> How to complete this task:
Print nothing except the line holding "American TV Riverdale" and the lines that come after it in the material below, and leave the pictures out.
━━━━━ Data section ━━━━━
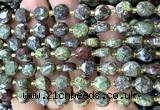 CCB1984 15 inches 8mm faceted coin dragon blood jasper beads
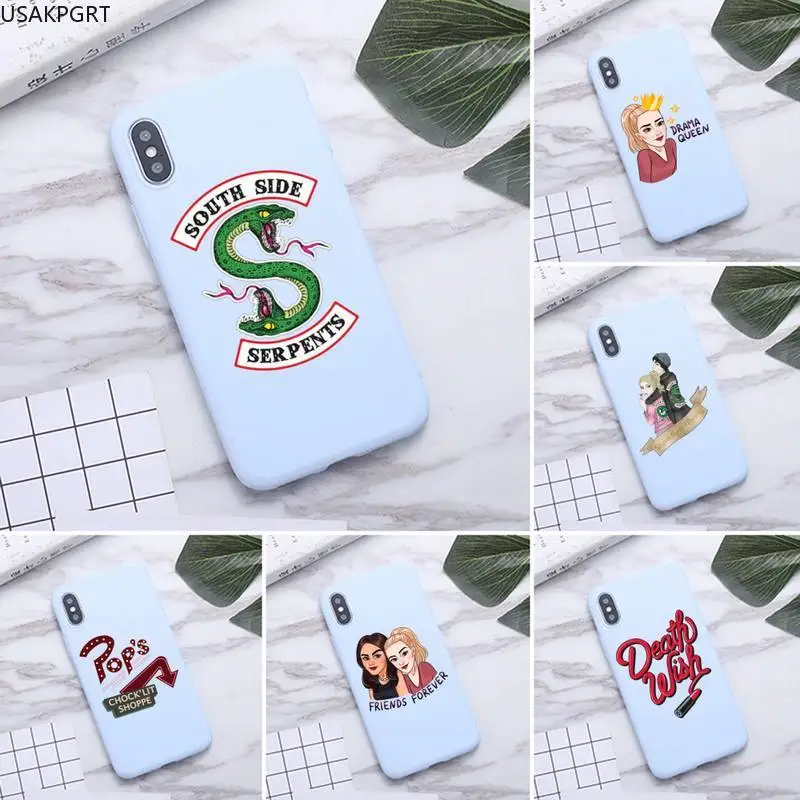 

American TV Riverdale Snakes Phone Case for iPhone 11 Pro Max X XR XS 8 7 6s Plus Candy purple Silicone Cases
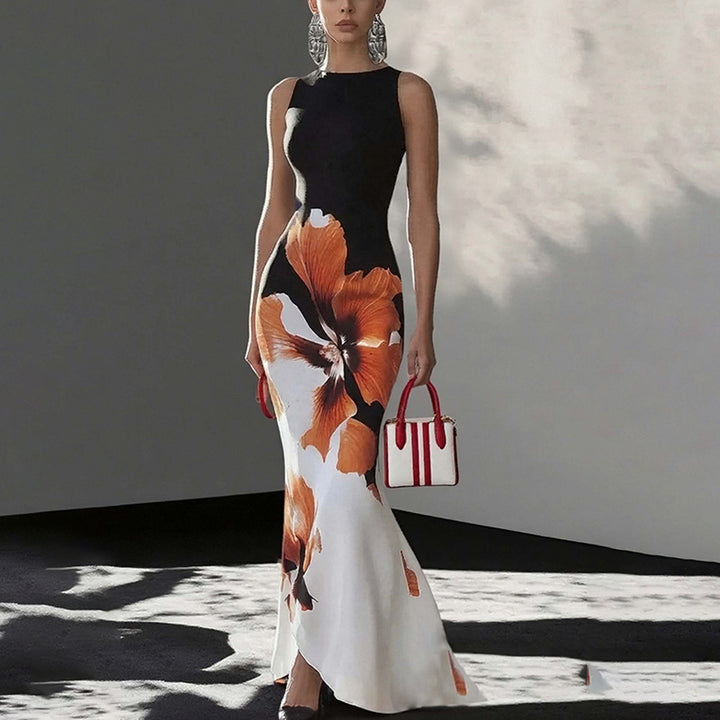 Robe Maxi Élégante pour Femmes avec Motif Floral et Coupe Sur Mesure Levoire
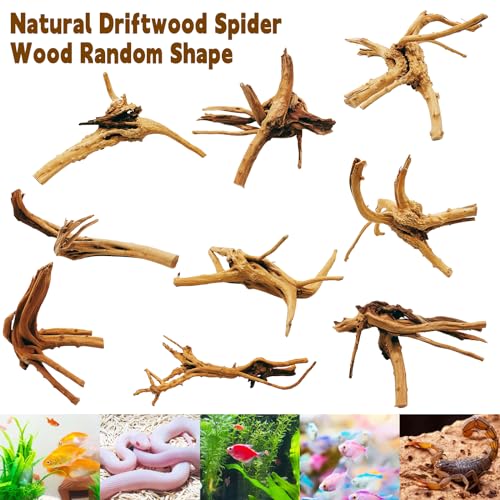 Hamiledyi 4PCS Driftwood for Aquarium 8-10in Natural Spider Wood Reptile Branches Fish Tank Log Ornament Aquarium Trunk Decoration - size: Spiderwood (8-10in 4PCS)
━━━━━
> Reply:
American TV Riverdale Snakes Phone Case for iPhone 11 Pro Max X XR XS 8 7 6s Plus Candy purple Silicone Cases
 Robe Maxi Élégante pour Femmes avec Motif Floral et Coupe Sur Mesure Levoire
 Hamiledyi 4PCS Driftwood for Aquarium 8-10in Natural Spider Wood Reptile Branches Fish Tank Log Ornament Aquarium Trunk Decoration - size: Spiderwood (8-10in 4PCS)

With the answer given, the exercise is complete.